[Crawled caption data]
· · ·

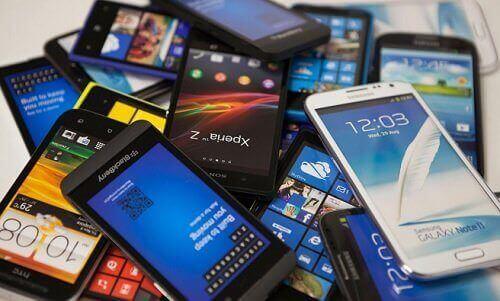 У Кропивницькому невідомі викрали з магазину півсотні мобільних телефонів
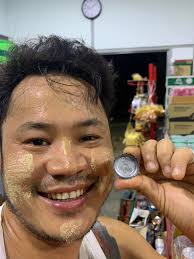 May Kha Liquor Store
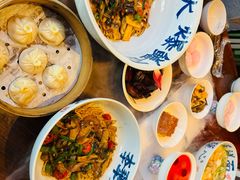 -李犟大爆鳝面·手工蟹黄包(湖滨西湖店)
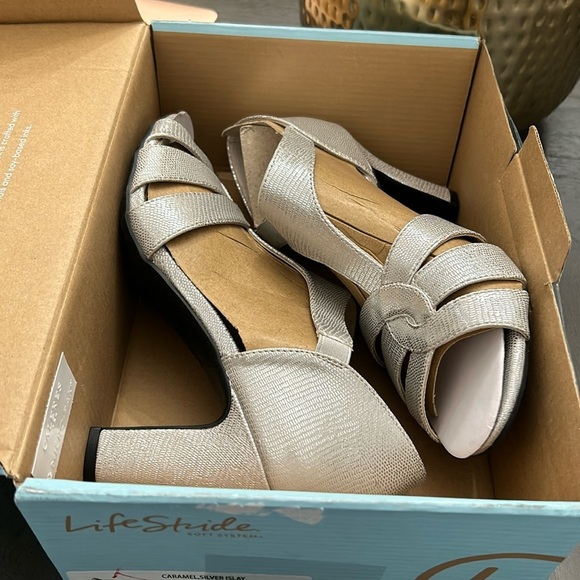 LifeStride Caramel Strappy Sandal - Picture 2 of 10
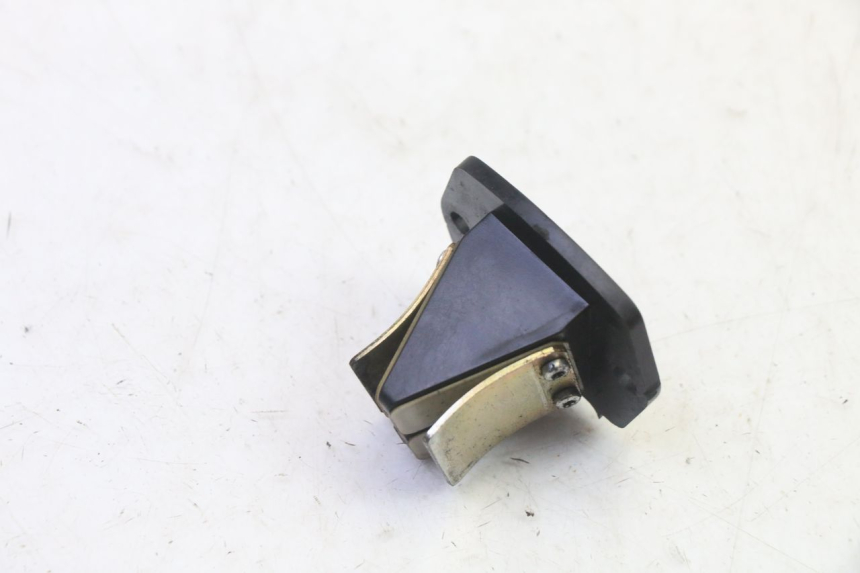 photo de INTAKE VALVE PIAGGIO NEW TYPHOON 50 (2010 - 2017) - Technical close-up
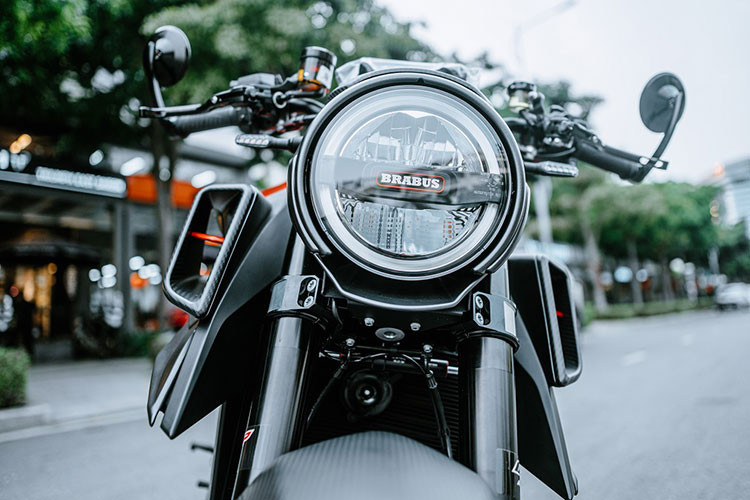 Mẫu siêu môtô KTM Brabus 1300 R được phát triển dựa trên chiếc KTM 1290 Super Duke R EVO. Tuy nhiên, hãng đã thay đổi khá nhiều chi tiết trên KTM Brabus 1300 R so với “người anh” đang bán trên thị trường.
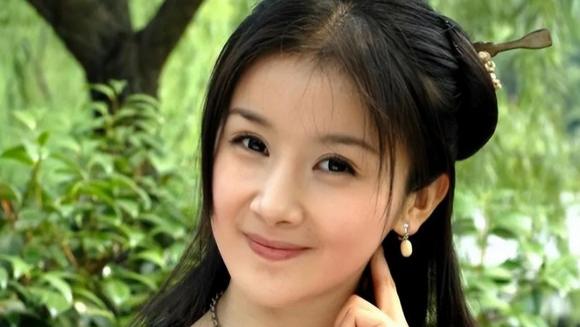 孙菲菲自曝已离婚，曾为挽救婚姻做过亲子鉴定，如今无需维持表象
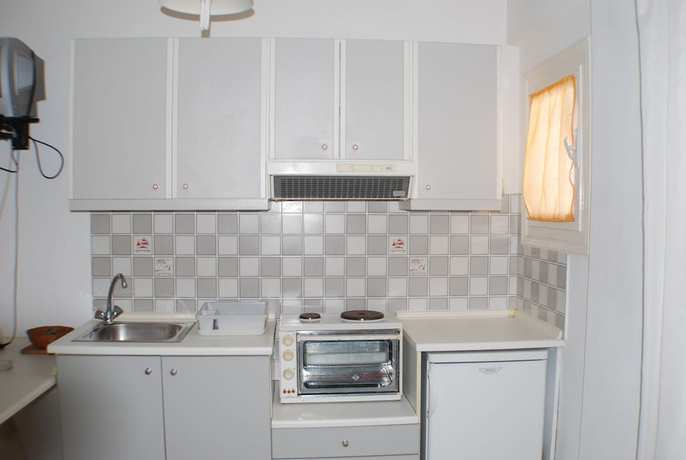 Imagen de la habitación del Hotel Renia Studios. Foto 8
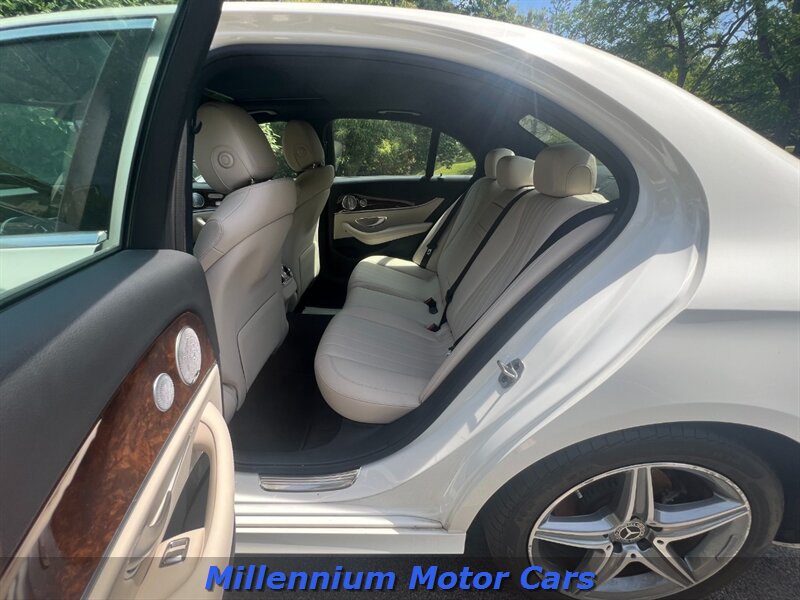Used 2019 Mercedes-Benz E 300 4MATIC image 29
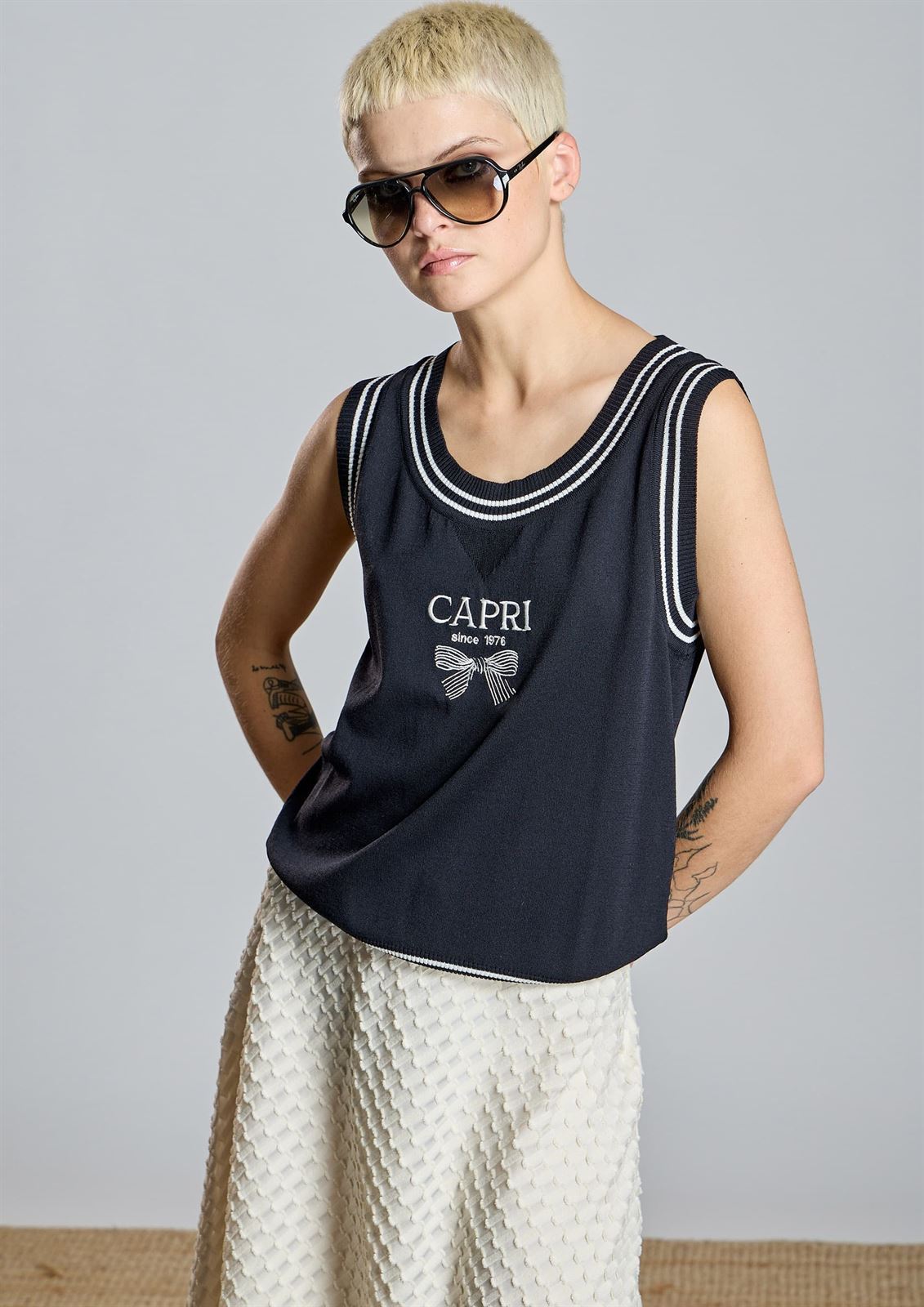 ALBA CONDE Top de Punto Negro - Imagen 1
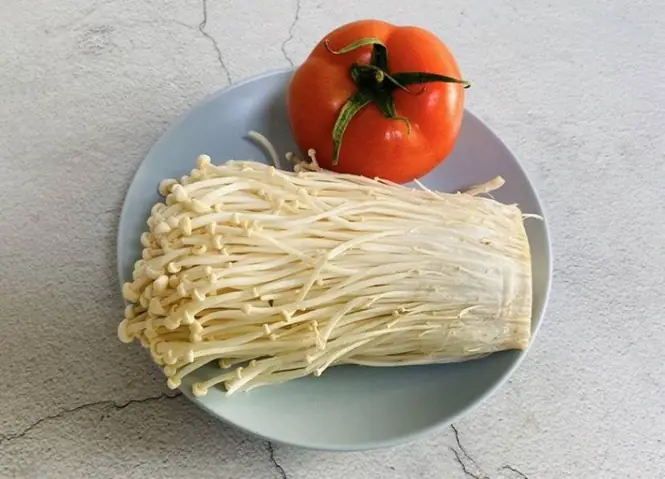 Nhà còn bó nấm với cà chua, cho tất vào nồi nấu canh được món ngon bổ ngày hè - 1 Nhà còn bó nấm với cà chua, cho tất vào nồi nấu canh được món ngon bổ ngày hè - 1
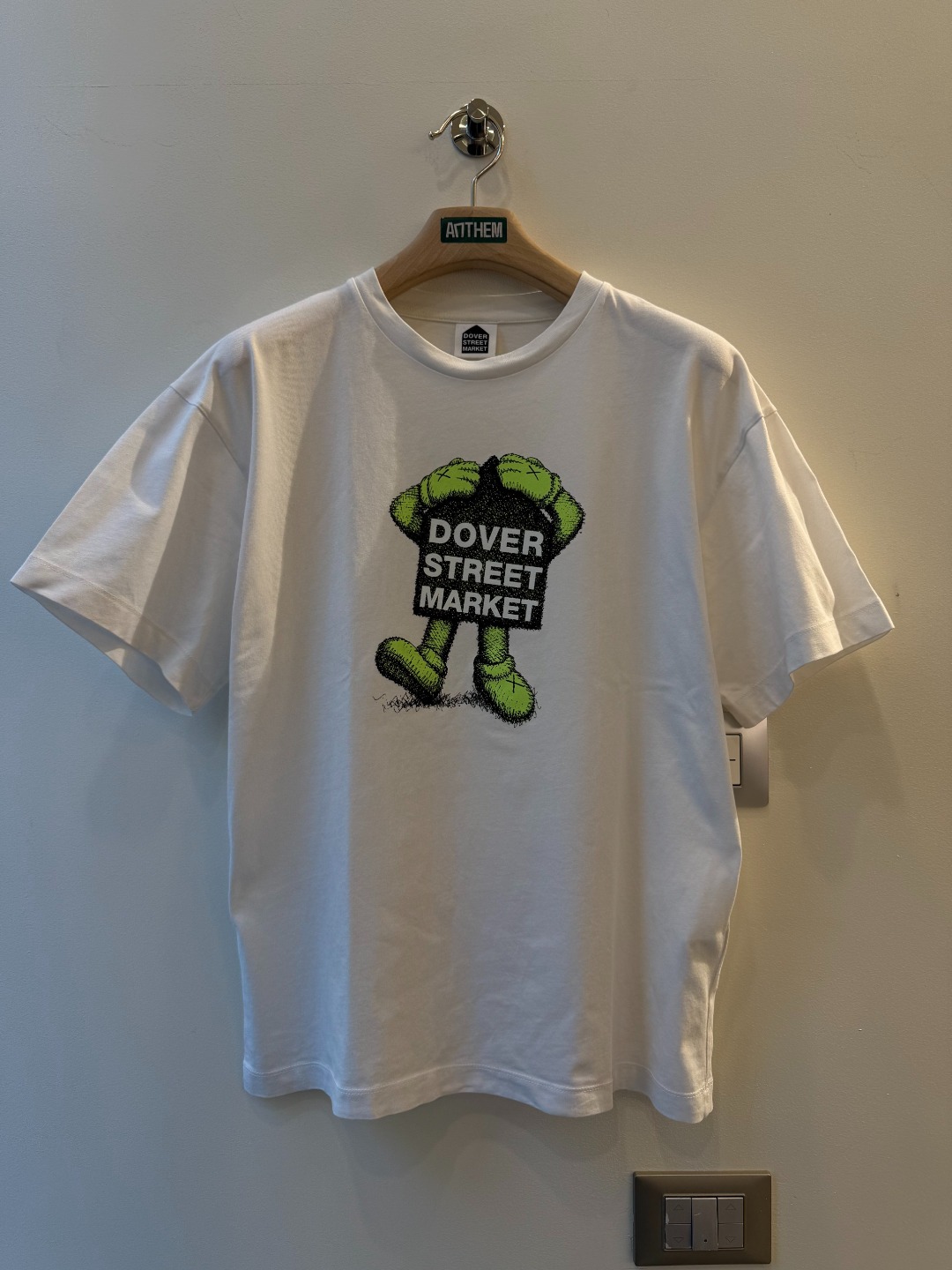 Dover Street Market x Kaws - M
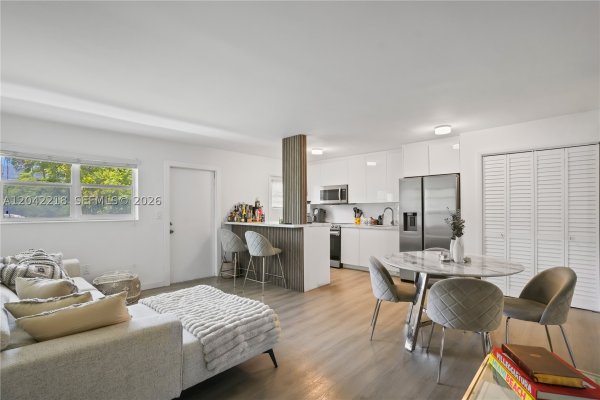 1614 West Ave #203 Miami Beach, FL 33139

· · ·

**Task description:**
Without the pictures, reproduce the entries exactly.

**Answer space:**
 У Кропивницькому невідомі викрали з магазину півсотні мобільних телефонів
 May Kha Liquor Store
 -李犟大爆鳝面·手工蟹黄包(湖滨西湖店)
 LifeStride Caramel Strappy Sandal - Picture 2 of 10
 photo de INTAKE VALVE PIAGGIO NEW TYPHOON 50 (2010 - 2017) - Technical close-up
 Mẫu siêu môtô KTM Brabus 1300 R được phát triển dựa trên chiếc KTM 1290 Super Duke R EVO. Tuy nhiên, hãng đã thay đổi khá nhiều chi tiết trên KTM Brabus 1300 R so với “người anh” đang bán trên thị trường.
 孙菲菲自曝已离婚，曾为挽救婚姻做过亲子鉴定，如今无需维持表象
 Imagen de la habitación del Hotel Renia Studios. Foto 8
Used 2019 Mercedes-Benz E 300 4MATIC image 29
 ALBA CONDE Top de Punto Negro - Imagen 1
 Nhà còn bó nấm với cà chua, cho tất vào nồi nấu canh được món ngon bổ ngày hè - 1 Nhà còn bó nấm với cà chua, cho tất vào nồi nấu canh được món ngon bổ ngày hè - 1
 Dover Street Market x Kaws - M
 1614 West Ave #203 Miami Beach, FL 33139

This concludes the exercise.